Drew Angerer/Getty Images

The similarities don’t end there—they both worked with Mike Tyson (in the wrestling ring and the boxing ring, respectively) and tried to compete with the NFL—and it’s clear that Donald Trump and Vince McMahon have worldviews and business approaches shaped by similar experiences. They understand how pro wrestling and its carny traditions can make money off of “marks,” the unsuspecting fans who don’t know (or don’t care) that it’s a con. And more than money, they’ve paradoxically used a staple of low culture—pro wrestling—to find mainstream credibility.

Since going public in 1999, the WWE has become increasingly family (and shareholder-) friendly. After decades in which wrestlers died early deaths due to steroids and drugs, the WWE instituted a stringent wellness policy. They’ve become the picture of a charitable corporate actor, sponsoring an anti-bullying initiative and working with Susan G. Komen, Make-A-Wish, and the Ad Council on a variety of campaigns. WWE programs constantly trumpet how well they’re doing in the ratings and on social media metrics compared to “real” sports, while describing their product as “sports entertainment,” not low-budget, low-culture “pro wrestling.”

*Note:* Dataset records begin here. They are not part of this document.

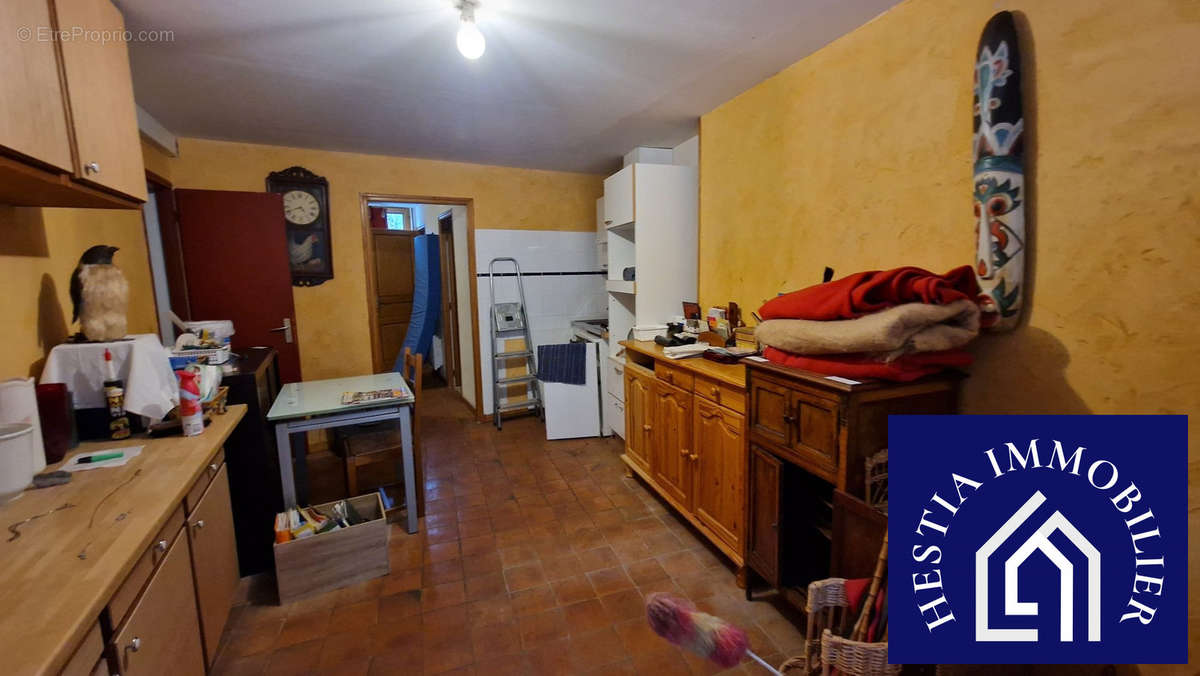 Appartement à SEMUR-EN-AUXOIS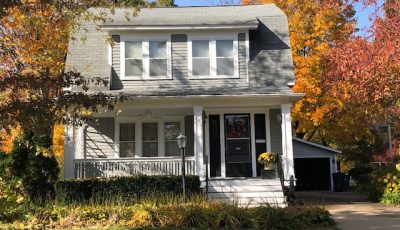 Exterior Painting Project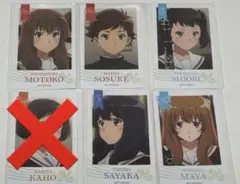 2026年最新】響け!ユーフォニアム3 ブロマイドの人気アイテム - メルカリ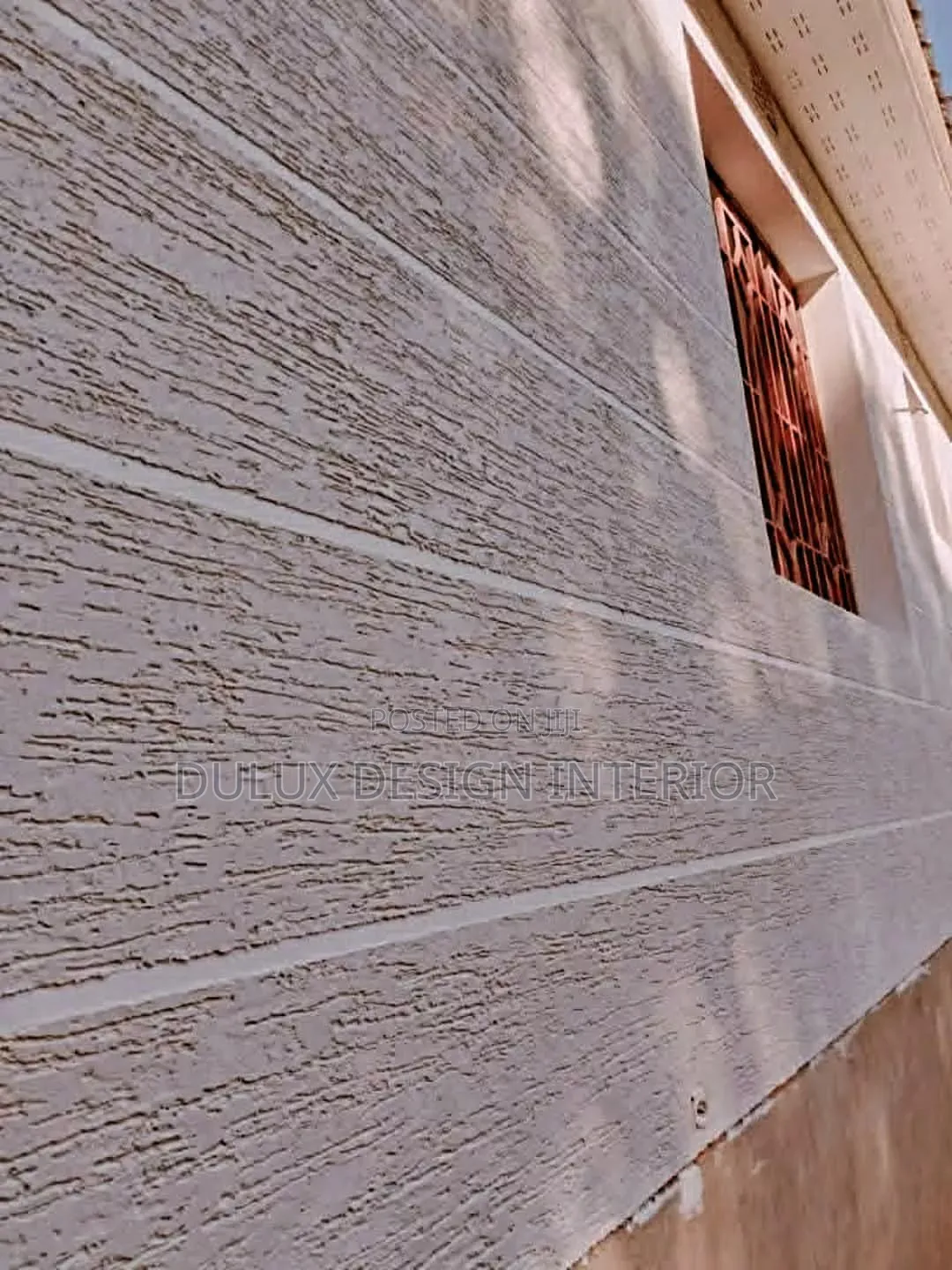 Gravitex Painting Stucco Tyrolean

Similarly, there’s the theory that the seed of Donald Trump’s decision to finally (actually) run for president in 2016 was planted at the 2011 White House Correspondents’ Dinner, where Trump was roasted by President Obama. “That evening of public abasement, rather than sending Mr. Trump away, accelerated his ferocious efforts to gain stature within the political world,” wrote Maggie Haberman and Alexander Burns in the New York Times, noting his “deep yearning … to be taken seriously.” With just over a month until his inauguration, people laughing at Donald Trump are coming to grips with the fact that he’s going to have the most powerful job in the world. Just as McMahon sought legitimacy by re-casting his fake sport as a global entertainment brand, Trump entered presidential politics to prove that he had to be taken seriously as a public figure.

Coincidentally, Trump’s ascendance will finally give the McMahons the political legitimacy they have not been able to obtain on their own: Linda McMahon unsuccessfully ran for U.S. Senate in Connecticut in 2010 and 2012, spending nearly $100 million of her own money. In both elections, she stressed her credentials as a job creator and political outsider willing to spend her own money and reject political action committee donations, an approach with which Trump would find much more success.

It’s worth noting that McMahon ran away from pro wrestling in her campaign: she hand-waved the hyperviolent, oversexed product WWE had pushed in the late 1990s and early 2000s as “scripted television entertainment” and called on WWE fans to “correct biased and inaccurate media reports.”Meanwhile, Trump spent the entire campaign in full-on heel mode.

Now it turns out that Linda McMahon didn’t need to spend $100 million to gain some power: She and Vince may have just needed to give $5 million to the Trump Foundation (and another $6 million to a super PAC supporting Trump’s run): $4 million in 2007, the year of the Battle of the Billionaires, and $1 million in 2009, when Trump—in storyline—bought and sold WWE’s Monday Night Raw. In the end, Trump and the McMahons did what wrestling promoters have done for a century: counted the money in the back while the marks in the audience watched the spectacle in the ring.